Panel Paper: Speaking on the data's behalf: different presentations of the same data lead to different decisions

Saturday, November 4, 2017
Dusable (Hyatt Regency Chicago)

*Names in bold indicate Presenter

Jesse Chandler, Mariel Finucane, Ignacio Martinez, Alexandra Resch and Jeffrey Terziev, Mathematica Policy Research


Measurement and data collection are the foundation of good decision making, but data does not speak for itself. Instead, it must be translated by researchers and practitioners into actionable information. For example, a data-driven school district might consult research on the impact of a new product before they decide whether it is likely to work for their students. They may even collect their own data in a pilot before deciding whether to adopt the product district-wide. The district will then make decisions based on information extracted from these data including descriptive summaries and inferential statistical tests to help decide whether the observed differences are meaningful.

Unfortunately, the same data can lead to different decisions depending on the inferential test that is used and how the results are presented.
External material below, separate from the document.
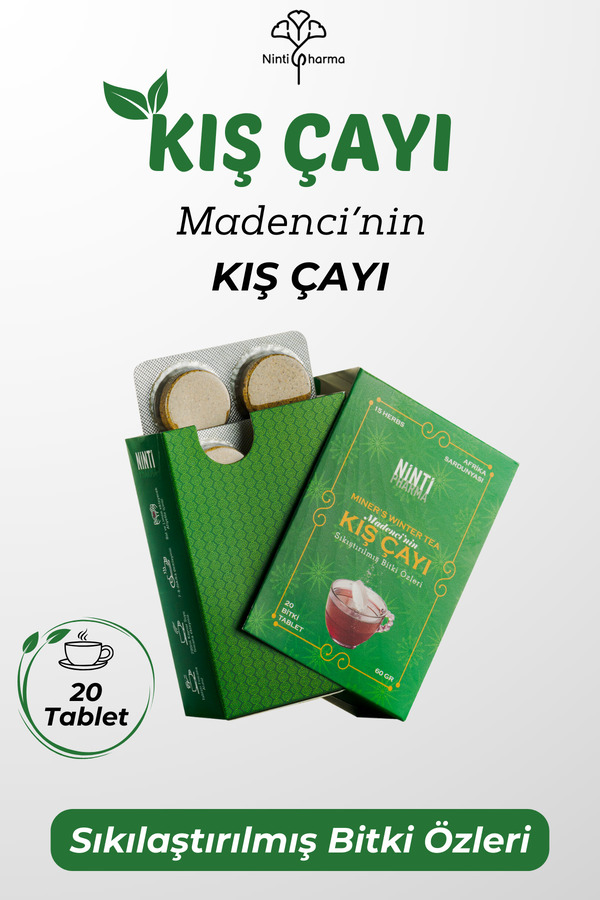 Nintipharma Madencinin Kış Çayı, Zengin Içerikli C Vitaminli Atom Kış Çayı 20 Çay Tableti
In this paper we assess how presenting results in different ways can influence the decisions that people make by presenting them with the exact same data described using either a traditional frequentist test of the null hypothesis (default frequentist) and an associated confidence interval, or one kind of alternative Bayesian test that describes study findings in probabilistic terms.

There are many differences between the default frequentist approach and Bayesian methods. One underappreciated difference is that the default frequentist approach is inherently conservative, and that (often impractically) large sample sizes are necessary to provide clear guidance on which alternative should be preferred. Instead, one outcome will often look most promising, but not statistically differ from the others. While scientists can wait for evidence to accumulate before definitively assessing an idea and have good reasons to favor the parsimony of the null hypothesis, practitioners must make the best decision based on the available information, and cannot afford to be indifferent to the alternatives at hand. For this reason, probabilistic statements may be preferable for some policy decisions.

We provide the first evidence that we are aware of that different presentations of the same data lead to different policy decisions. In our initial experiment (conducted on a convenience sample of adult Americans), people are more likely to switch to a new (and superior) educational technology when they see a probabilistic interpretation of the data than when they see the more conventional frequentist interpretation. Probabilistic information also increased decision confidence among those who wished to switch, suggesting that the greater willingness to recommend change reflects a different interpretation of the evidence rather than a lowered evidentiary threshold. Presenting graphs to supplement text increases willingness to adopt the intervention, with no corresponding change to confidence. We then examine how these methods influence the interpretation of evidence of varying degrees of strength.

Understanding how information presentation influences policy choice is important to both practitioners and those who present the information because format choice is not neutral. This paper is not intended to be the final say on whether one form of analysis is “better” than another, but rather to start a discussion about the role of information presentation in supporting good measurement-based decision making.